In connection with the metaphysical necessary truths argument, a third approach introduces the distinction between a priori and a posteriori physicalism. It assumes that if physicalism is true then the complete truth about a subject matter is a priori that is extracted from the complete physical truth (O’Hear, 2003). A Priori is the initial statement taken out of the context of the complete physical truth, which is the posteriori. As was mentioned, the crucial claim of a posteriori physicalism is that it asserts that in order to be aware of the knowledge or change, one must be able to experience it.
However, it is argued that Mary does not have relevant experience with regard to human color vision therefore she does not know. This argument would only be valid if the posteriori is not physically conceivable (O’Hear, 2003). A fourth draws from the conceivability argument of Descartes. The main argument emphasizes the dual properties of the mind and body. Descartes believes that if an individual can clearly and definitively visualize his or her mind without the body and his or her body without the mind, then both can exist without each other, which emphasizes the dichotomy between the two.
Contemporary versions of this argument is said to carry out the inversion of qualia wherein one’s view of a subject matter may be different to the view of another (O’Hear, 2003). The fifth anti-physicalist argument is derived from the explanatory thought. The contention begins with the premise that physicalist descriptions of consciousness justify only the structure of the thought and function or role of the experience, which is not enough to explain the consciousness at work.

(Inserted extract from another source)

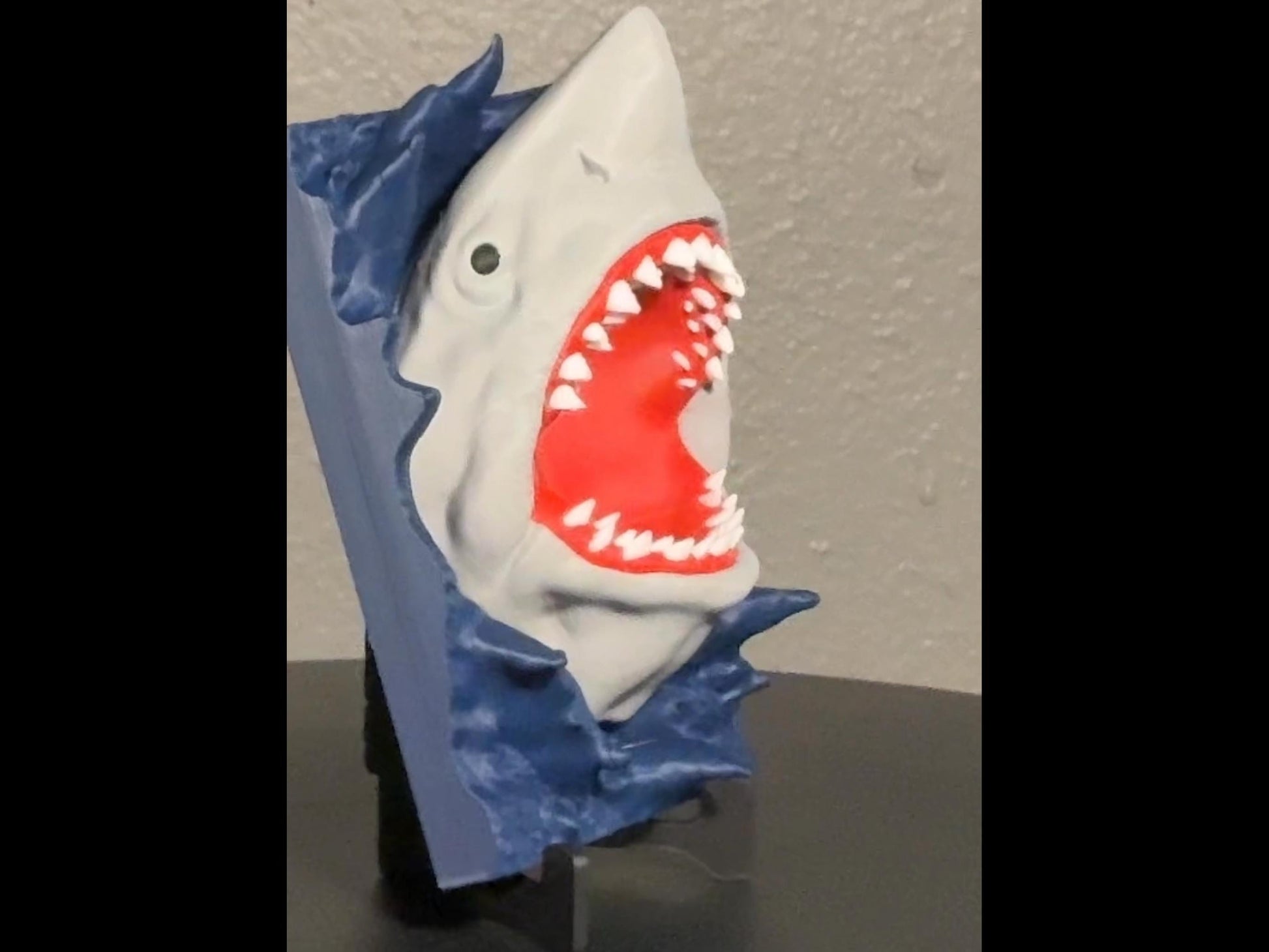Great Shark (Multi-Color) Light Switch Cover - Adorable Handcrafted Decor for Playrooms - Whimsical Gift for Ocean Enthusiasts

For instance, if an individual learns about the Eiffel tower from a book, he or she envisions it through the descriptions in the book that describes its history and structure and its impact on the society. The knowledge the individual acquires from the book is limited since the actual experience of being in Paris to witness the structure has not been experienced (O’Hear, 2003). The sixth and final argument asserts the distinction of various conceptions of the physical.
The argument stresses that the properties which define information by the conception of physical theory differs from the attributes that define those which rely on the conception of objects. It suggests that the first premise is open to either of the two interpretations. The notions about inverted qualia definitely support this argument since it makes use of the special attributes that is missing in observations that is purely physical (O’Hear, 2003). Conclusion The knowledge argument of Jackson assess that there is a difference in the type of fact being presented and that it may not be entirely physical.
The succeeding anti-physicalist arguments and its derivative all question the essential assertions of physicalism that creates an abstract notion of reality. Jackson’s efforts in creating a stir on the drawbacks of physicalism have contributed a great deal of knowledge into exploring the depths of the subconscious mind. The arguments presented in the paper were long and confusing but it was very interesting to see different sides of the anti-physicalists streams of thought since collectively, the main premise of Jackson made much more sense.
However, it seems that supporters of physicalists are coming up with their own responses to such arguments which create a much more complex understanding of just how a human’s consciousness works to define the physical world.
Jackson, F. (1986). What Mary Didn’t Know. The Journal of Philosophy, 83(5), 291-295. Retrieved March 11, 2009 from JSTOR database. O’Hear, A. (2003). Minds and persons. New York: Cambridge University Press.